當然,吹簫對此是毫無反應的,靈氣什么的對他來說不重要,他每日修煉《九轉生機訣》卻又放不開手腳的運行,生怕汲取了兆周閣的生氣,斷了這一派的血脈。不久之后,他便意識到,找個門派寄托并不是他該走的路,除非他走邪派,肆無忌憚、不畏后果的修煉,否則,這一輩子他便只有做游行者。在這廣褒的大路上四處游歷,找尋著生氣,一面歷練一面修煉。可能在路上遇上什么人同行一段時日,但卻永遠只有孤身一人。因為不像是別的修士,游歷完自有歸處,可是吹簫便只有自己。
唔,似乎有點悲慘。吹簫勾起唇角,摸摸鼻子,探手從儲物玉簡里拿出林寒樹送的紫竹簫,橫在唇邊,微微吐氣,疏朗的簫聲沖天而起,帶著一股子洗凈鉛華的大氣和平淡。說實話,吹簫已經能看得很開了,實際上早在上一世,他便經歷過了這種稚嫩的煩惱,痛苦與孤單,迷茫與前路,但現在,他懂得放開,懂得享受。
人都道但凡有點子建設的術士,多犯五弊三缺。上一世的顧惜原是不相信的,這很自然,任何一個處于青春期的小子都會認為自己多少有那么點子與眾不同,他幻想著自己會身體健康,家庭和睦,子孫成群,交友遍天下,什么缺憾也沒有。但實際上他跟其他術士一樣,五弊三缺存一,幼時,祖輩往生,青年之時,父母俱亡;直至去世,都無妻無子,可謂是天煞孤星。似乎這輩子的西門吹簫也沒能逃過這一命運。你看看,出生無父,幼時亡母,連一個心上人,他都沒有告白,便也離世……
阿玄……吹簫眼中閃過濃烈的哀傷,他想起那個書生閑適的躺在小院里的場景,俊美的臉龐,嘴角的笑容,他生氣時皺起的眉頭,那自己沒有辦法的嘆息……簫聲時而舒緩時而急切,蘊含著濃濃的思念以及深深地愛戀,吹簫全心全意的沉浸在美好的回憶中,一曲吹奏出了他和阿玄的整個相識過程。在這一曲中,吹簫進入了一個玄妙的境界,明明是站在庭院里,可若你閉上眼睛,便會發現,庭院里根本就空無一人,感覺不到一絲人息。吹簫借由這哀傷而甜蜜的曲子達到了頓悟。
上天叫他來這一趟究竟是為什么,這個世界又是個什么樣的?他的病癥,他所得到的機緣,這本《九轉生機訣》又有什么意義?
還有,自己……有必要如此害怕天道的懲罰嗎?這個世界的天道跟原來的天道是一樣的嗎?
畢竟,這已經不是原來那個世界了,原來的顧惜是弱小的,面對天道沒有絲毫的還手之力。但在這里,人們逆天修真,追求長生,仍舊有那么多的人成功,似乎天道也并非完全不準人反抗,你看這一次,他犯了禁忌,但說實話雖然險,可絕對沒有到九死一生的境地。似乎天道的底線也被放寬了許多。他所堅守的那些原則,真的是天道規定的嗎?

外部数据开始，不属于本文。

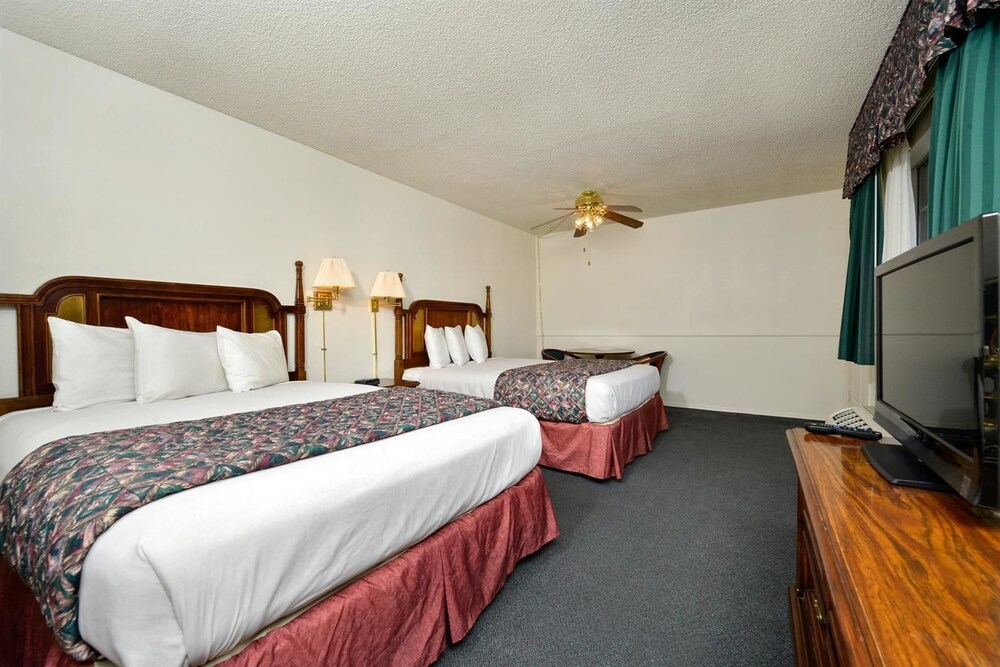 Americas Best Value Inn and Suites Lancaster - photo 11
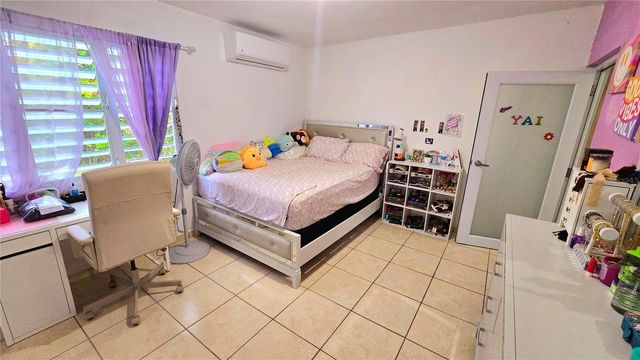 ST. 823 KM 1.1 BO. RIO LAJAS 1-A, Toa Alta, PR 00953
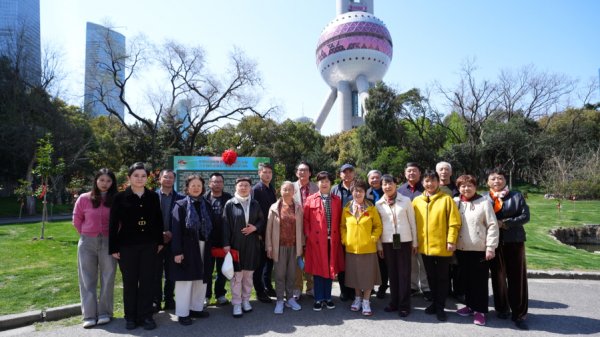 连续三年举办，申城这场公益活动用植绿播撒和平理念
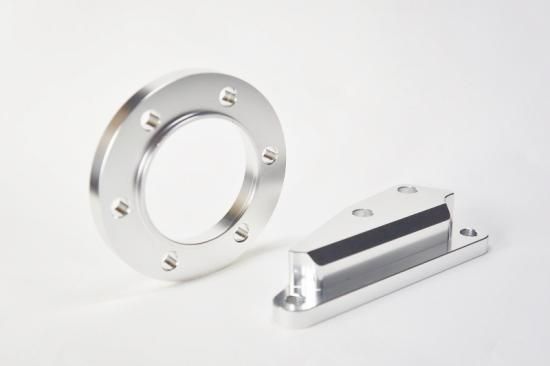 ヤマハ パーツ 新品【 SR400 / SR500 ブレーキキャリパーサポート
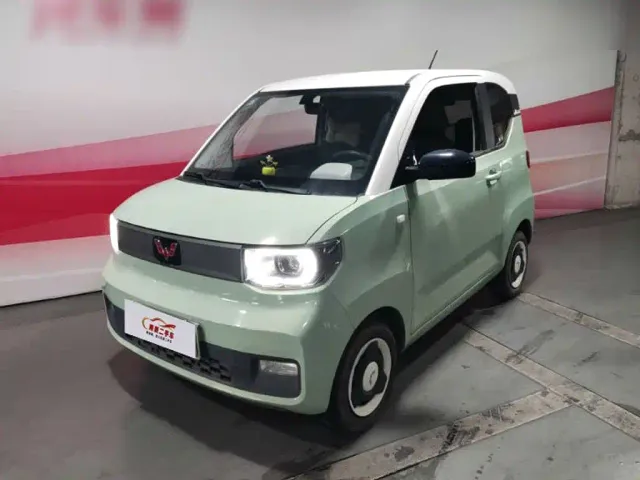 Фотография автомобиля — Wuling Hongguang Mini EV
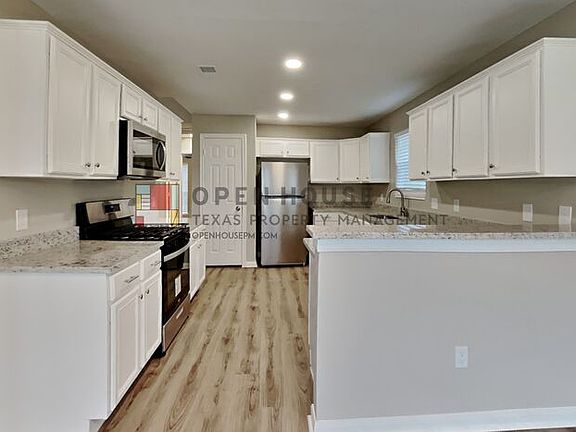4th image of 7135 Prairie Village Dr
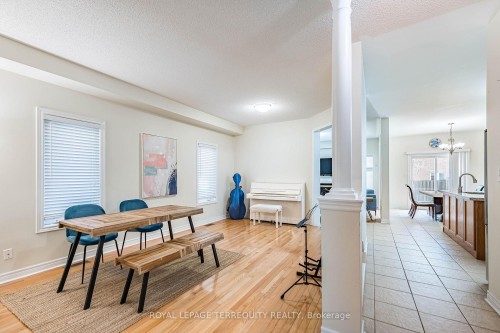 3926 Candlelight Drive, Mississauga, ON - Indoor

似乎有什么不對。是了,顧惜和西門吹簫已經是兩個人了,那么兩個世界的規則自然也不相同,如今,他仍舊在用舊時的思維行事,簡直就像是把自己禁錮在‘顧惜’那個時候。到底,他還是執著了,沒有自己想象的灑脫,輕松的放下。
吹簫沉浸在思考中,朦朧間竟不知自己身在何處,他跟整個小院都達到了一怔完美的融合,仿佛他本身就像是長在那里的一株小草。這是一種玄而又玄的境界,仿佛早先橫在腦海中的,那些叫人困惑掙扎的事情一下子便豁然開朗了,回頭看似乎都是庸人自擾一般。

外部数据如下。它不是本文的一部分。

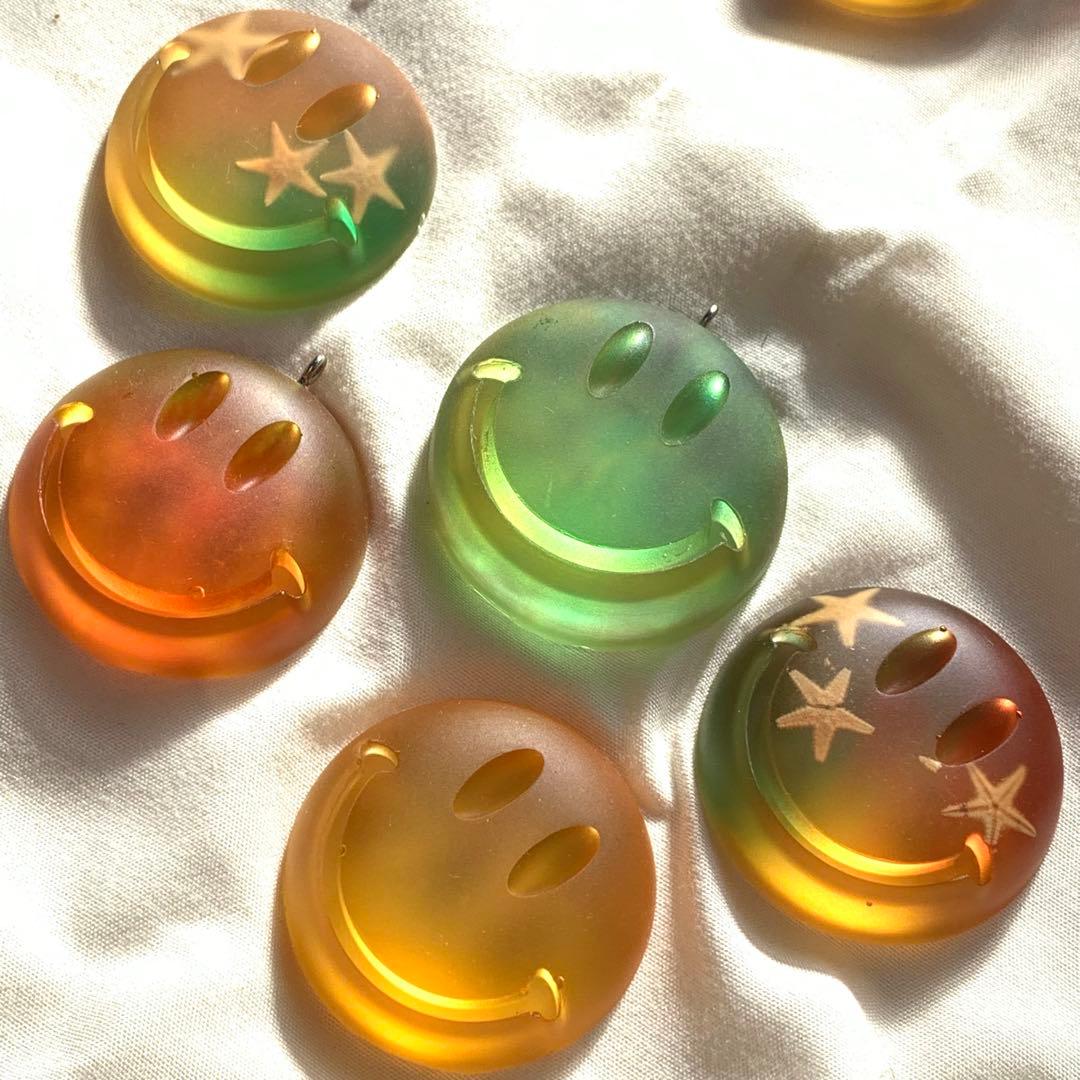 スマイリーフェイス 樹脂コレクション108個商品仕入れ卸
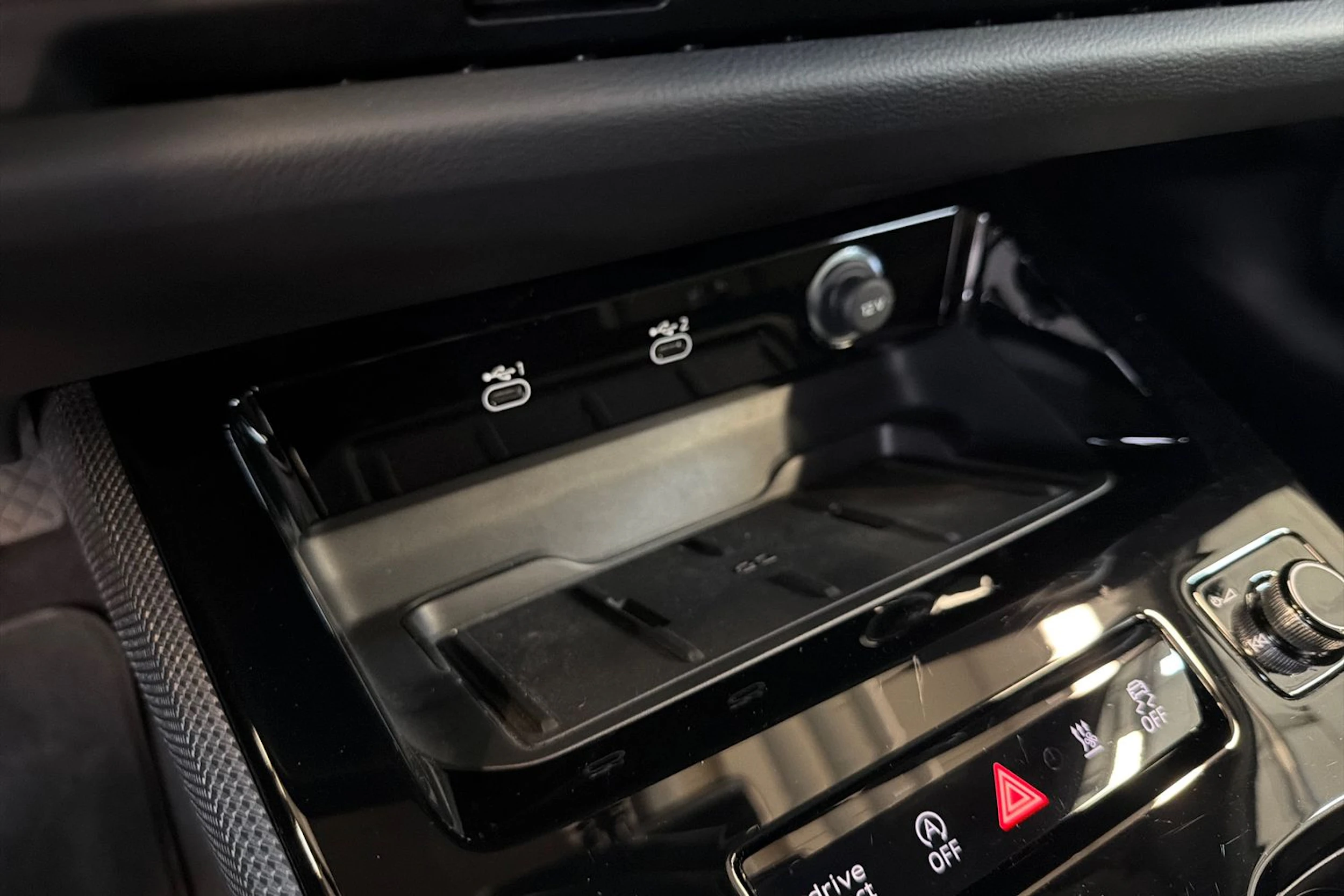 sininen Audi A5 Avant 2025 kuva 16.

望海譚的小院中,簫聲悠揚,一直持續了四個時辰,待吹簫再睜開眼,天已經黑了,他放下紫竹簫,整個人前所未有的輕松,勾起唇角,露出一個微笑。吹簫終于放開了心胸——西門吹簫,這是一個全新的世界,你既已走上了修仙的道路,本就是逆天而行,還要小心翼翼的規避著‘天道的懲罰’?且實際上,立林界的天道究竟不容何行為,誰也不知,不能再拿之前的原則來要求自己了。這個需要自己去慢慢的摸索。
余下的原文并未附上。